If you’ve got a Netflix account, then you may well have stumbled upon a new show gaining in popularity: Girlboss. Loosely based on Sophia Amoruso, founder of the online fashion store Nasty Gal, Girlboss sees a feisty 23-year-old woman decide to risk it all and sell vintage clothing and accessories from her home.
Of course, the show does dramatise the events somewhat, but it’s still a fascinating insight into what it takes to be your own boss (or better yet, a girlboss). This got me thinking: what are a few things you need to be successful to sell second-hand items online? Plenty of people do it, as it’s no coincidence that sites like eBay and Etsy have become so hugely popular across the world. Selling second-hand items on the internet might be simply a quick way to gain a bit of cash and get rid of some old things at first, but it can quickly get addictive if you start to enjoy it (and become good at it).
If you’ve got a bit of spare time in the day and feel like you want to have a little business from home like Sophia Amoruso, here are a few things you may want to consider first.
What are you actually passionate about?
Selling online will rapidly become tedious and annoying the moment you lose your passion. But how are you supposed to alleviate that? Well, it helps when you actually love the products you’re peddling. Is it sports memorabilia? Vintage clothing? World War II relics? You’ll genuinely enjoying your job if it’s something you’re excited about. Imagine going to flea markets and hunting down items you think will sell well online. That might not even feel like work if you might actually do it in your spare time. Plus, you’ll be selling things you know about, as opposed to being a slave to market trends (what will be the next Tamagotchi or fidget spinner I wonder?)
Standing out can come down to images and descriptions
Sure, looks aren’t everything, but when it comes to selling things online? Looks are everything. Although virtual reality shopping is fairly close, it’s not yet at the point where we could simply pick up an item and inspect it from all angles while at our computers.
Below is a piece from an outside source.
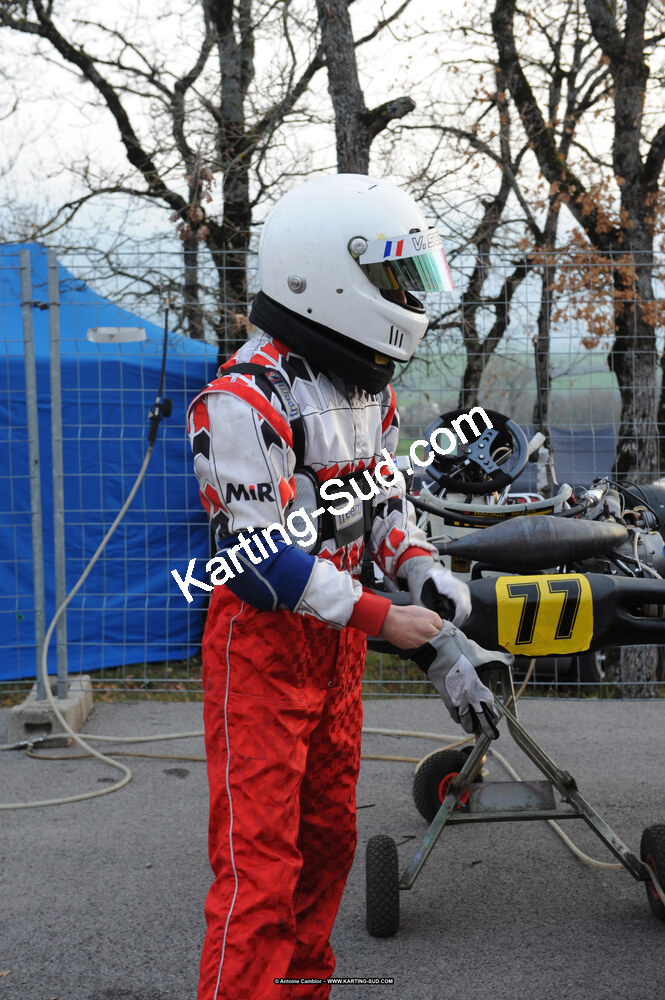 03/04/2011 : 2ème manche du Championnat du Sud à Belmont sur Rance (Photos Antoine Camblor) 2011 — karting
This means that it’s really going to have to come down to great images and descriptions to sell your products!
Look at the way these watches are sold online, for example. There are a lot of models to consider, but I bet your eye will be most drawn to the ones with the prettiest photos. If someone is shopping for a Cartier watch, then they’re likely already aware of how expensive it’ll be. So, a prospective buyer might not care about price, but will instead be put off listings with a poor image (badly lit, too far away, distracting props) and undetailed or boring descriptions.
If you simply assume that every online buyer is in a rush to find something, then give them as many good points towards your own product as possible. Having someone message you 50 questions for information that you could have easily conveyed in an image or description is not the best use of your time.
Being a mum is in no way a hindrance
You might think that it’s all well and good for 23-year-old Sophia Amoruso to start an online business without children, but she’s not the only kick-ass woman to make a living via e-commerce. These are some of the most successful mothers/entrepreneurs. Many of these women created and sold products from scratch, but it’s still interesting to discover that motherhood isn’t a barrier towards being a girlboss.
Don’t undervalue or overvalue your items
Many vendors have kicked themselves over selling an item that is worth way more than previously thought. Stories of people paying $5 for something at a flea market that is actually worth around $500,000 are not uncommon. On the other hand, potential buyers will quickly skim over your item if it’s at a price that is a lot more than at a competitor’s store. Remember, unless what you’re selling is very hard to find elsewhere, you don’t want to lose a customer at the last second just because you wanted some extra money. Have a fair price and no one will have a right to complain.